- Khan in 2019

Provincial Minister of Punjab for Public Prosecution
- In office 6 September 2018 – 10 April 2022

Member of the Provincial Assembly of the Punjab
- In office 15 August 2018 – 14 January 2023
- Constituency: PP-100 Faisalabad-IV

Personal details
- Born: 22 February 1945 (age 81) Faisalabad, Punjab, Pakistan
- Party: Istehkam-e-Pakistan Party (2023–present)
- Other political affiliations: Pakistan Tehreek-e-Insaf (2018–2022) Pakistan Muslim League – Quaid (2002–2013) Pakistan Muslim League – Nawaz (1997–2002) Pakistan People's Party (1988–1997) Islami Jamhuri Ittihad (1985–1988);

= Chawdhary Zaheeruddin Khan =

Pakistani politician (born 1945)

Chawdhary Zaheeruddin Khan (Note: چودھری ظہیرالدین خان) (born on 22 February 1945) is a Pakistani politician who served as Provincial Minister of Punjab for Public Prosecution from 2018 to 2022. He also served as Member of the Provincial Assembly of Punjab from 2018 to 2023.

Previously, he was a member of the Punjab Assembly from 1988 to 1990, from 1993 to 1996, from 2002 to 2007 and again from 2008 to 2013. Khan is currently serving as the president of IPP's West Punjab chapter.

==Early life and education==
He was born on 22 February 1945 in Gurdaspur, India.

He graduated from the University of the Punjab in 1969 and received a degree of Bachelor of Arts.

==Political career==

He was elected to the Provincial Assembly of the Punjab as a candidate of Pakistan Peoples Party (PPP) from Constituency PP-46 (Faisalabad-IV) in the 1988 Pakistani general election. He received 21,761 votes and defeated Muhammad Akram Chaudhry, a candidate of Islami Jamhuri Ittihad (IJI).

He ran for the seat of the Provincial Assembly of the Punjab as a candidate of Pakistan Democratic Alliance (PDA) from Constituency PP-46 (Faisalabad-IV) in 1990 Pakistani general election but was unsuccessful. He received 15,607 votes and lost the seat to Muhammad Akram Chawdhary, a candidate of IJI.

He was re-elected to the Provincial Assembly of the Punjab as a candidate of PPP from Constituency PP-46 (Faisalabad-IV) in the 1993 Pakistani general election. He received 29,896 votes and defeated Muhammad Akram Chaudhry, a candidate of Pakistan Muslim League – Nawaz (PMLPakistan Muslim League – NawazN).

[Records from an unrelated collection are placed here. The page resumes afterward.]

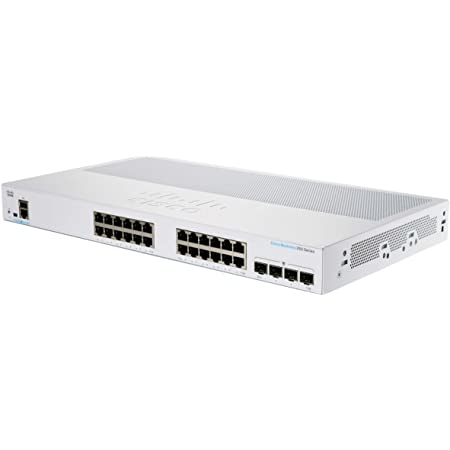 CBS250-24T-4G - Cisco CBS250-24T-4G, Managed, L3, Gigabit Ethernet (10/100/1000), Rack-Einbau, 1U
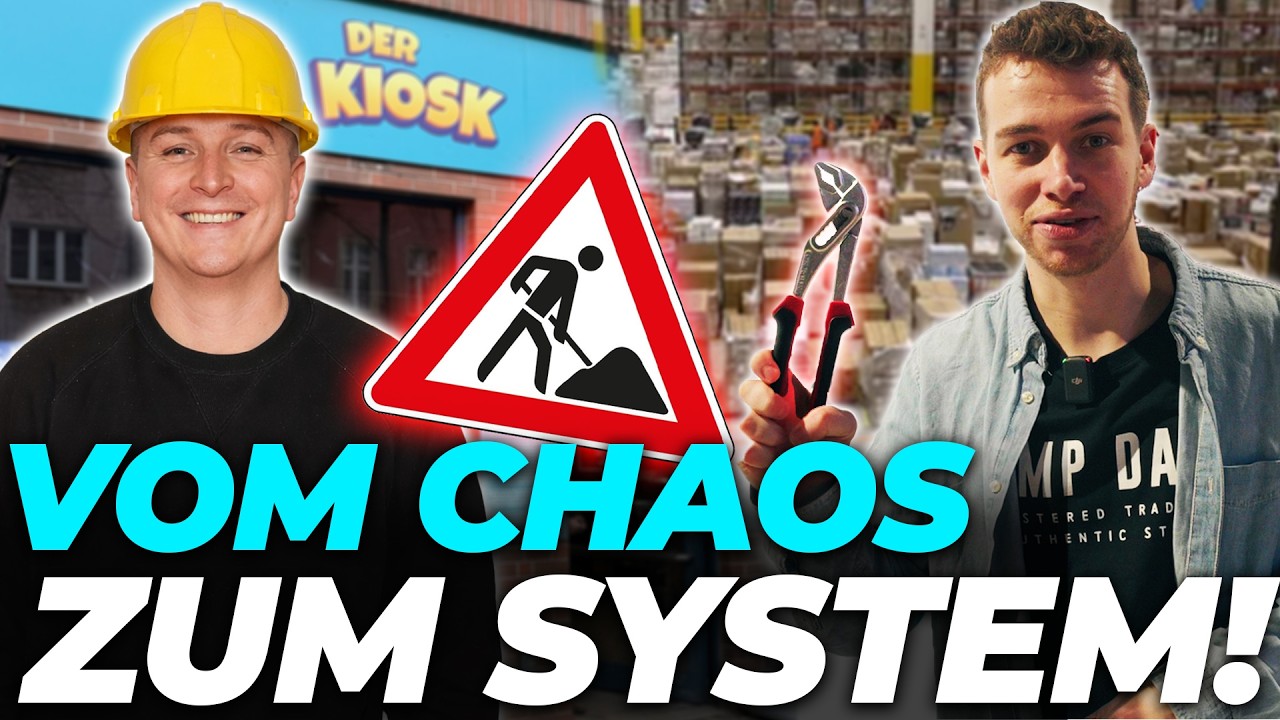 XXL KIOSK Umbau und neues Büro | Das hat sich geändert!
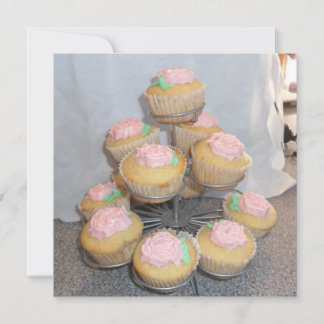 Söta Cupcakes-kort Julkort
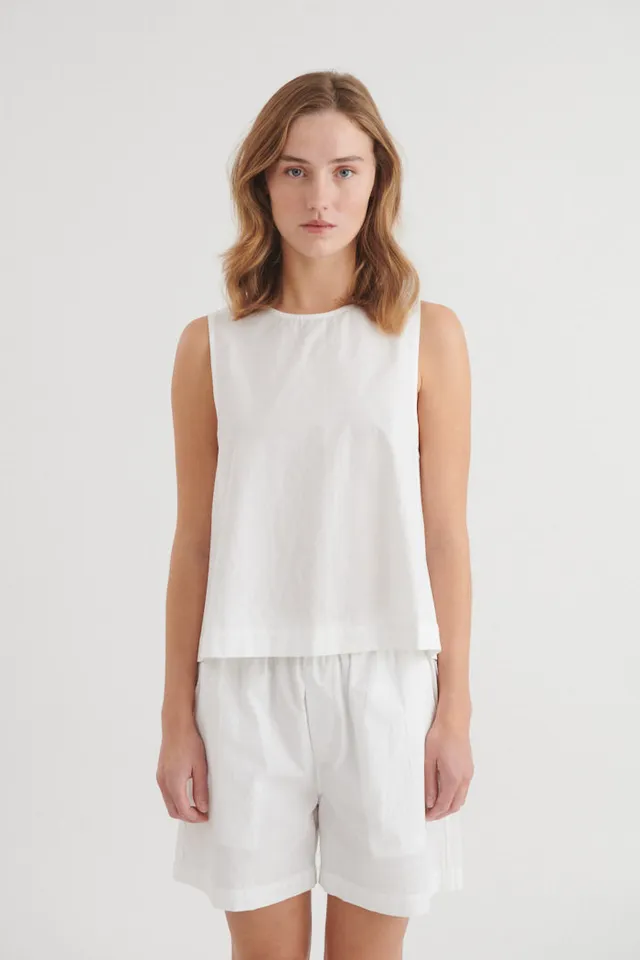 basic-apparel-ida-top-bright-white-bio-baumwolle image 1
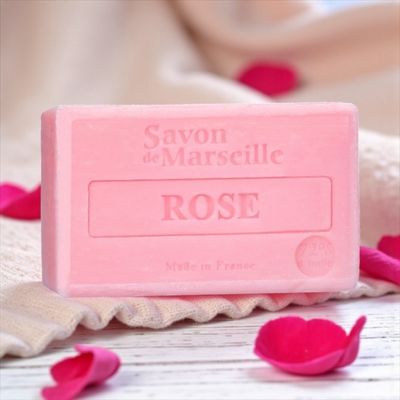 Le Chatelard 1802 Savon de Marseille - Rose Le Chatelard 1802 Savon de Marseille - Rose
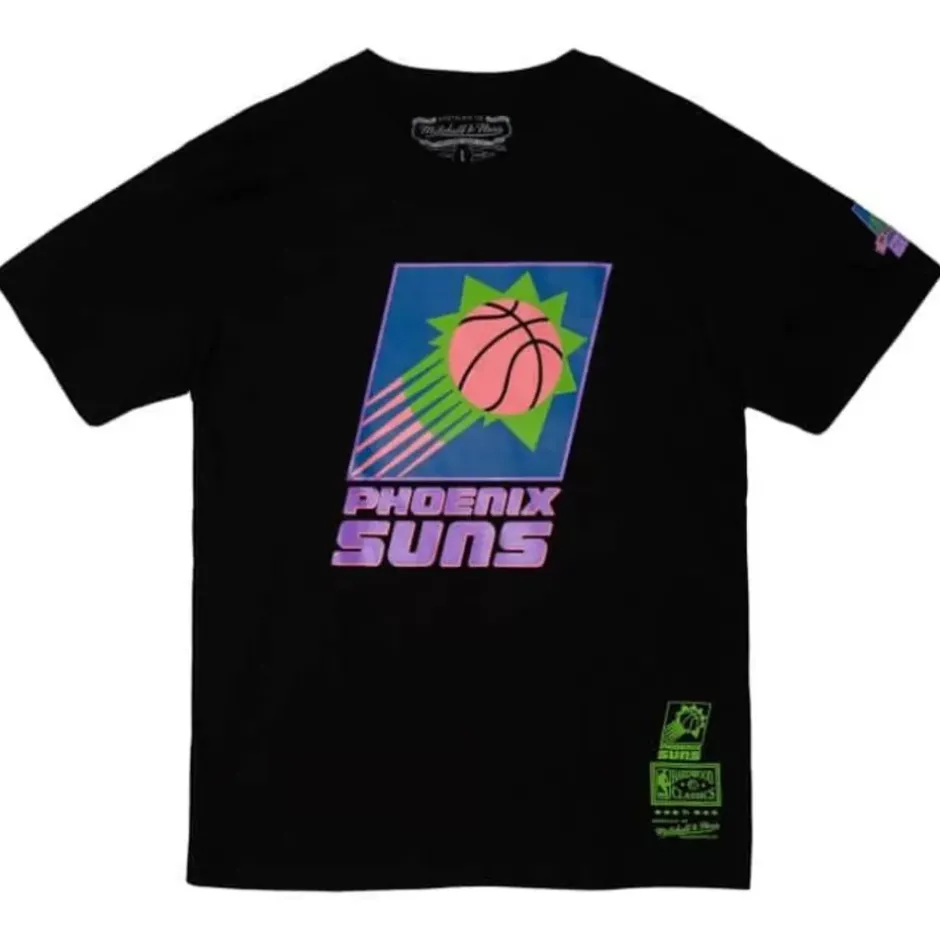 Men Mitchell & Ness T-Shirts & Tops-Color Bomb Tee Phoenix Suns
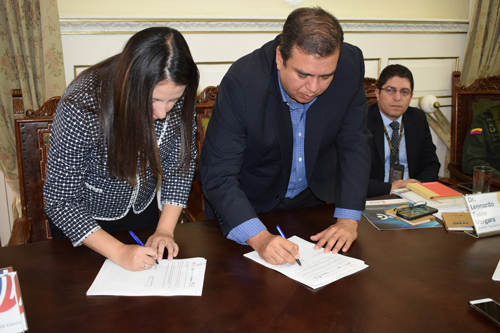 Gobernación de Cauca y Coljuegos firman pacto por legalidad Gobernación de Cauca y Coljuegos firman pacto por legalidad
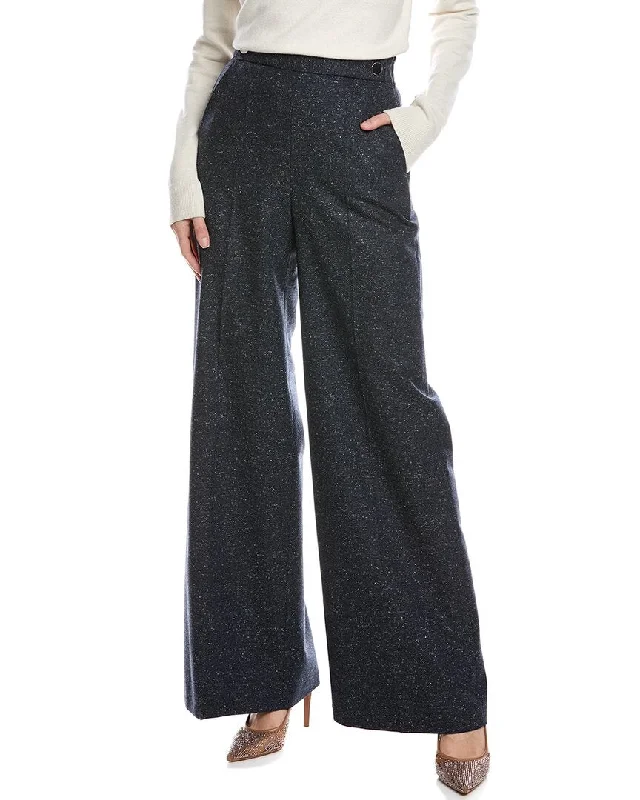 Hugo Boss Tupita Wool-Blend Trouser Trousers Tapered Slim Fit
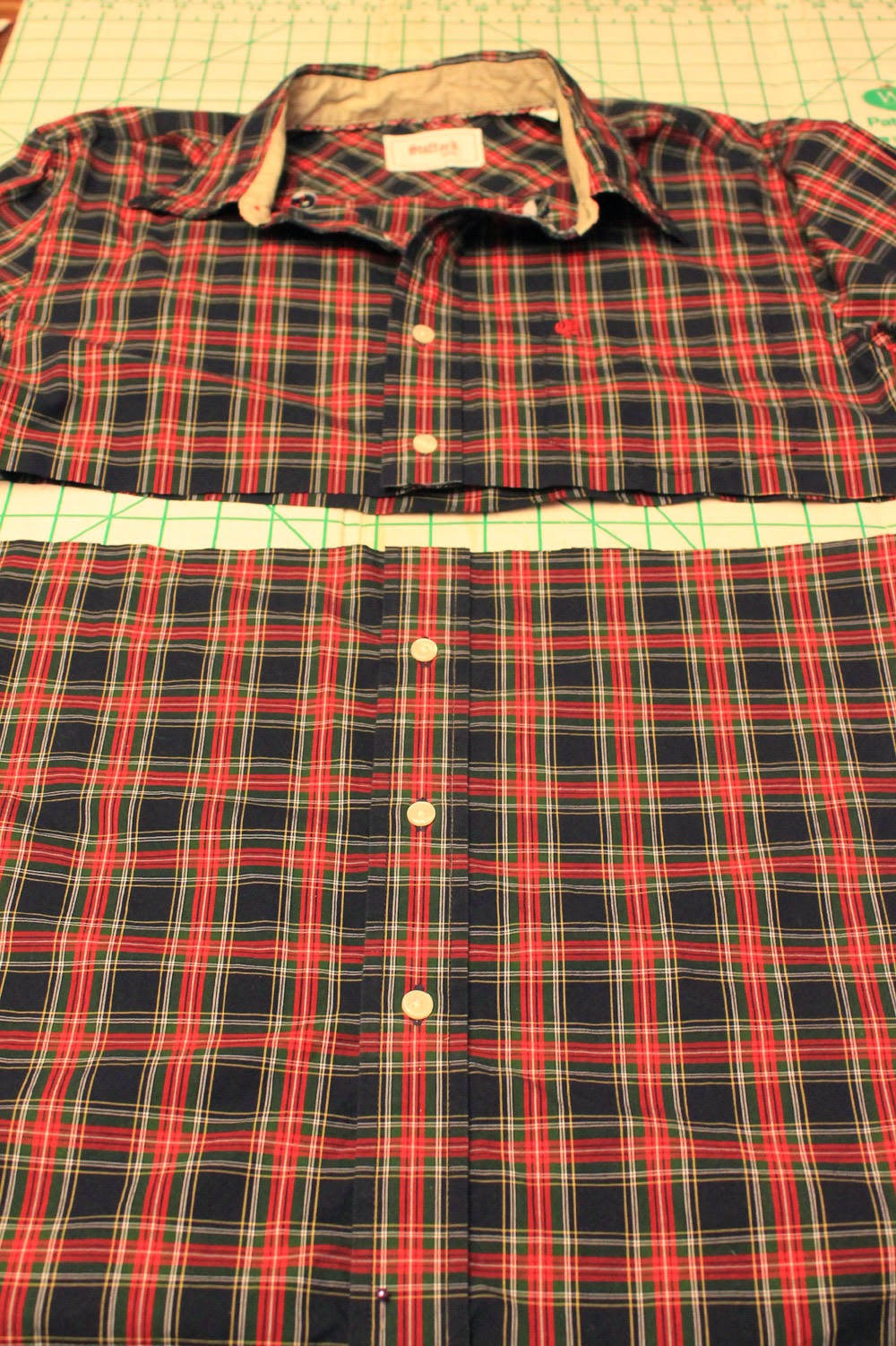 A Slice of Texas blog : PROJECT RECYCLE - Men's Used Shirt (DAY ONE)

He was re-elected to the Provincial Assembly of the Punjab as a candidate of Pakistan Muslim League – Quaid (PML–Q) from Constituency PP-55 (Faisalabad-V) in the 2002 Pakistani general election. He received 24,370 votes and defeated Talib Hussain Ijaz, a candidate of PPP. On 3 January 2003, he was inducted into the provincial Punjab cabinet of Chief Minister Chaudhry Pervaiz Elahi and was appointed Provincial Minister of Punjab for Communications and Works.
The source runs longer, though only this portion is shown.